Vorpal

@Vorpal@programming.dev

This profile is from a federated server and may be incomplete. Browse more on the original instance.

Vorpal,

Due to the recent xz trouble I presume? Good idea, I was thinking about this on an ecosystem wise scale (e.g. all of crates.io or all of a Linux distro) which is a much harder problem to solve.

Not sure if the tag logic is needed though. I thought cargo embedded the commit ID in the published package?

Also I’m amazed that the name cargo-goggles was available.

Vorpal,

Yes, obviously there are more ways to hide malicious code.

As for the git commit ID, I didn’t see you using it even when it was available though?
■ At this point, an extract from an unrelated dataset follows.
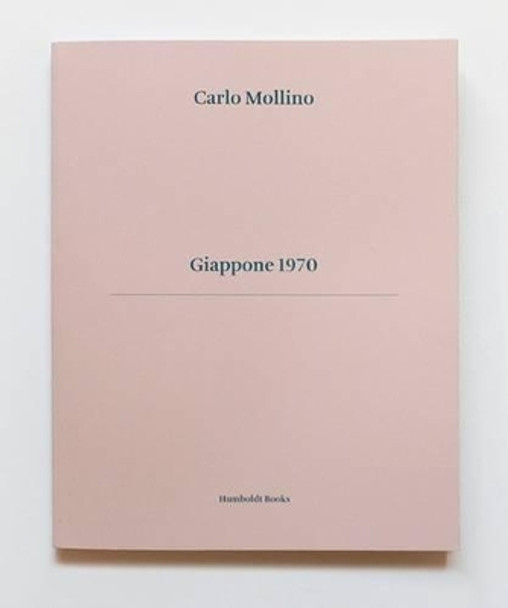 Giappone 1970 by Carlo Mollino 9788899385057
But perhaps that could be a weakness, if the commit ID used does not match the tag in the repo, that would be a red flag too. That could be worth checking.

Vorpal,

Hm, that is a fair point. Perhaps it would make sense to produce a table of checks: indicate which checks each dependency fails/passes, and then colour code them with severity.

Some experimentation on real world code is probably needed. I plan to try this tool on my own projects soon (after I manually verified that your crate match your git code (hah! Bootstrap problem), I already reviewed your code on github and it seemed to do what it claims).

Vorpal,

Please, send an email to lwn@lwn.net to report this issue to them, they usually fix things quickly.

Vorpal,

So there is a couple of options for plugins in Rust (and I haven’t tried any of them):

  • Wasm, supposedly extism.org makes this less painful.
  • libloading + C ABI
  • One of the two stable ABI crates (stabby or abi_stable) + libloading
  • If you want to build them into your code base but not have to update a central list there is linkme and inventory.
  • An embedded scripting language might also be a (very different) option. Something like mlua, rhai or rune.

I don’t know if any of these suit your needs, but at least you now have some things to investigate further.

Vorpal,

Yes, rust is that much of a pain in this case, since you can only safely pass plain C compatible types across the plugin boundary.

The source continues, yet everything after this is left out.